2. Determine the Severity of the Injury

If you need surgery, it’s better to find out sooner than later. Separated shoulder injuries have different levels, or types. They are usually ranked on a scale of one to five. Find out where your injury ranks. This will determine the treatment.

3. Treatment

In general, you can never go wrong with the RICE method: Rest, Ice, Compress, Elevate.

Rest – Get a comfortable sling to give your shoulder a break. I bought a cheap one at the drugstore and it was terribly uncomfortable. This should go without saying but don’t start playing again until you’re ready. My injury was relatively minor and I still needed six weeks off. Even then, I felt I came back a little too soon.

Ice – When you’re icing an injury, go 20 minutes on, 20 minutes off. This helps keep the swelling down. Use an anti-inflammatory like ibuprofen rather than a pain killer like Tylenol. Personally, two ibuprofens didn’t do much for me, but the prescription strength 800mg did the trick; at least enough to allow me to  sleep.

Compression – With a shoulder injury, the compression part is a little tough.

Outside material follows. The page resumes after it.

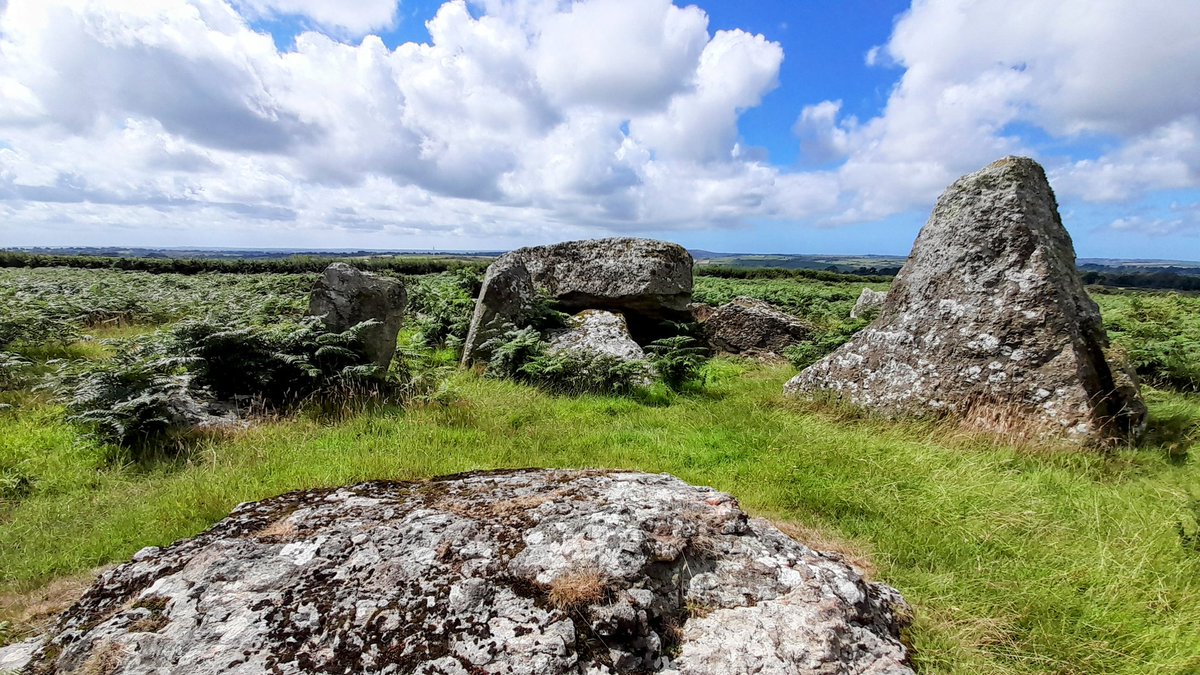 #TombTuesday The enormous, collapsed 60 ton capstone of Carn Turne chambered tomb, #Pembrokeshire - looking along the forecourt Recently excavated & in a pretty isolated spot along country lanes, the tomb is well worth visiting 👌 📷 My own, Aug 2022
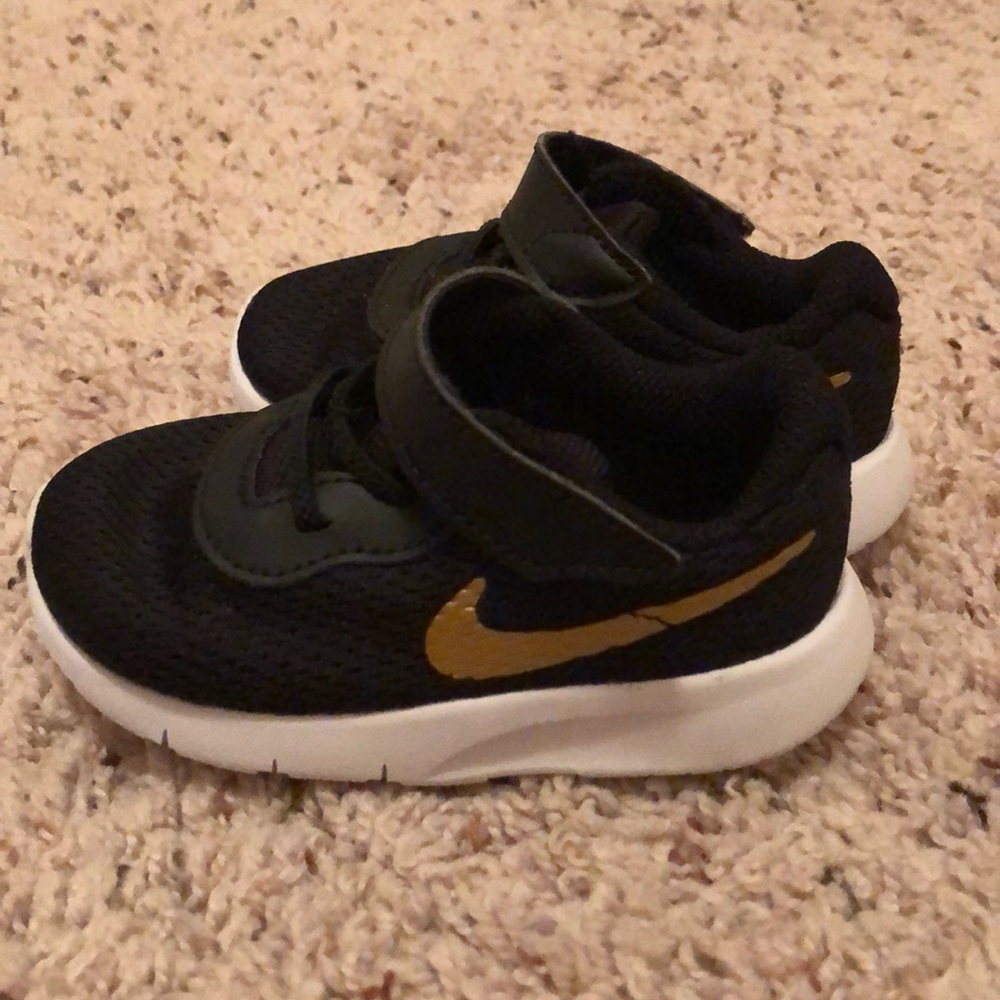 Baby tennis shoes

Elevate – When sleeping or sitting, propping your elbow with a pillow will help take the stress off your shoulder.

4. Explaining Yourself

Wearing a sling inevitably attracts unwanted attention. Since people will ask you how you injured yourself, have a 15 second explanation ready. Also, do not tell people your separated your shoulder. For some reason they think that means you dislocated it. Instead, tell them you sprained your shoulder. People understand that better.

5. Physical Therapy

To help rehabilitate your shoulder, get an elastic band or elastic tubing. Wrap it around a door knob and perform resistance exercises similar to the ones shown here. The recommendation I received for each exercise was one set of about 20 reps, three times per day. A doctor or physical therapist should be able to recommend a specific training plan to target the areas requiring strength building.

Injuries suck, but my advice is to stick it out and let your body heal before you get back in the action. If you’ve ever suffered a shoulder injury, feel free to share what worked for you in the comments.